Beitrag Donnerstag, 25. Mai 2006

Beiträge: 8060
Ja, da gibt's - soweit ich spontan meine Quellen prüfen kann - ziemliche Verwirrung. Das ist wohl das Auto dass für Hans Herrmann vorgesehen war. In vielen Quellen steht er auch im Grid drinnen. Aber Beaufort ersetzte ihn wohl kurzfristig wegen einer Verletzung. Ich gehe der Sache noch genauer nach. Der Körpergröße & Fülle nach ist der Fahrer im Bild aber EINDEUTIG Beaufort... :lol:

Beitrag Donnerstag, 25. Mai 2006

Beiträge: 8060
Ich glaube die Geschichte keines anderen Autos ist so viel und so gut von allen Seiten durchleuchtet worden wie die des Maserati 250F - und doch muss ich zu meiner Schande gestehen dass ich bisher noch nichts genaues über dieses/diese (denn offenbar waren es 2) Ugolini-Auto(s) weiss.

Dieser 'Nello' Ugolini war auf jeden Fall Manager bei Ferrari, ehe er seit dem Juni 1955 in derselben Position für Maserati tätig war. Als Fußball-Manager war er übrigens auch aktiv (so was gab's schon in den 50er Jahren) und ab 1960 war er dann als Manager bei Serenissima - ein weitgereister Mann. Die Scuderia Ugolini gab es nicht mal ganz ein Jahr und war - soweit ich weiss - lediglich eine Einsatzplatform für die Privatmeldungen von Scarlatti und de Fillipis. Aber vielleicht führt das jetzt hier zu weit...

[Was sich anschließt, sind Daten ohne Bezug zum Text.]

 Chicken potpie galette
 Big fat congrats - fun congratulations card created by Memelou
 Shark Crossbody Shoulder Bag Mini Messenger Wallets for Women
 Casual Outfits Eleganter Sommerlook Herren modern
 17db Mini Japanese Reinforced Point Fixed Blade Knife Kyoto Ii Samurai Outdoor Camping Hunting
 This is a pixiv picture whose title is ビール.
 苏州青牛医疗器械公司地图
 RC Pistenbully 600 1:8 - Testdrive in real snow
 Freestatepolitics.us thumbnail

Beitrag Freitag, 26. Mai 2006

Beiträge: 45812
Ne ich finde das ganz interessant. Nach meinen Recherechen gab es die Scuderia Ugolini nur 2 Rennen, alle 1959: Beim Monaco GP fuhr Giorgio Scarlatti (konnte sich nicht qualifizieren) und beim Frankreich GP Scarlatti (8.) und de Beaufort (9.).

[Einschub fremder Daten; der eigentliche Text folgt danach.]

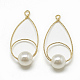 Colgantes de perlas de imitación de plástico abs KK-T032-084G-1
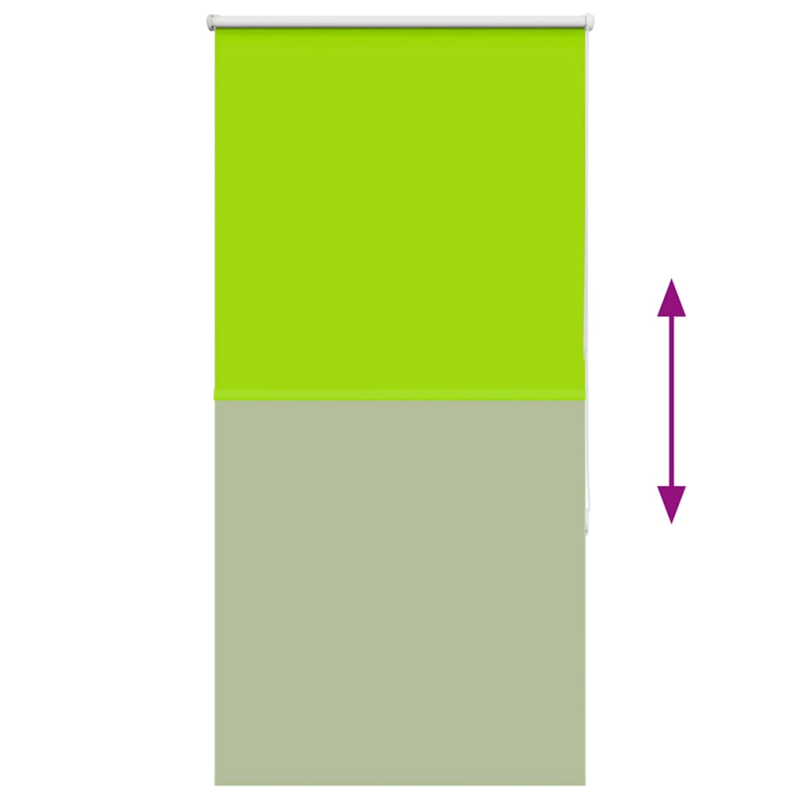Verdunkelungsrollo Grün 80x130 cm Stoffbreite 75,7 cm Polyester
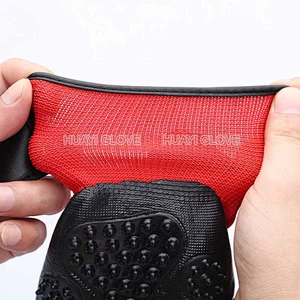 TE00 Horse Cat Dog Pet Cleaning Massage Deshedding Brush Tool Pet Hair Remover Glove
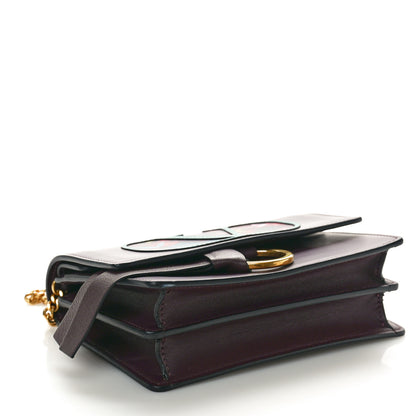 Valentino Garavani X UNDERCOVER Smooth Calfskin Graphic Print VSling Chain Crossbody Bag Rubin 4 of 9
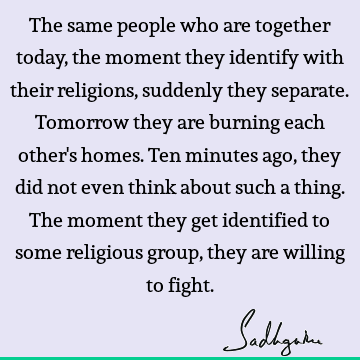 Religion Quotes : identity Quote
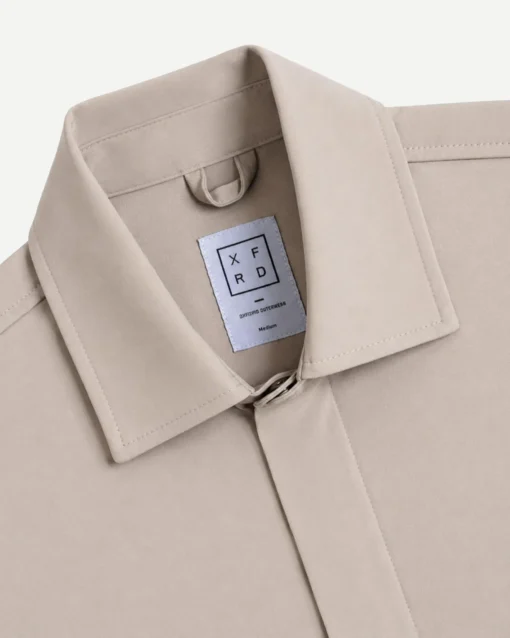 Slate Zip Jacket Beige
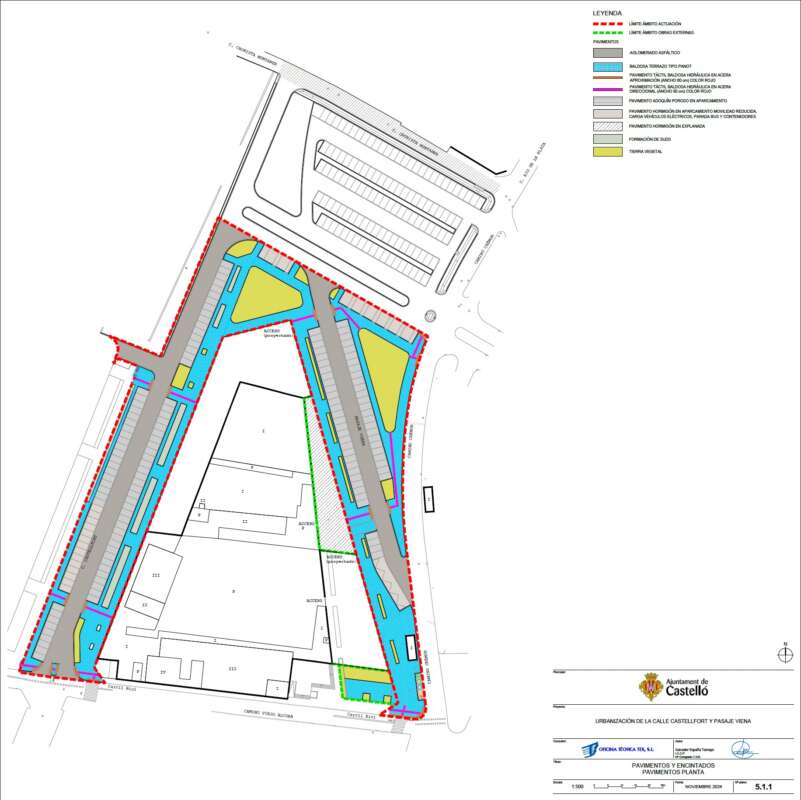 Aparcamiento Estación tercera fase Castellón 2025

Beitrag Freitag, 26. Mai 2006

Beiträge: 8060
Na gut, dann werden wir der Sache noch mal nachgehen... :wink:

Beitrag Samstag, 06. September 2014

Beiträge: 45812
Mich würde mal interessieren, ob die Porsche-Rennfahrzeuge von De Beaufort/Maarsbergen in irgendeiner Form weiterentwickelt wurden, oder hat er sie lediglich gefahren, so wie sie waren?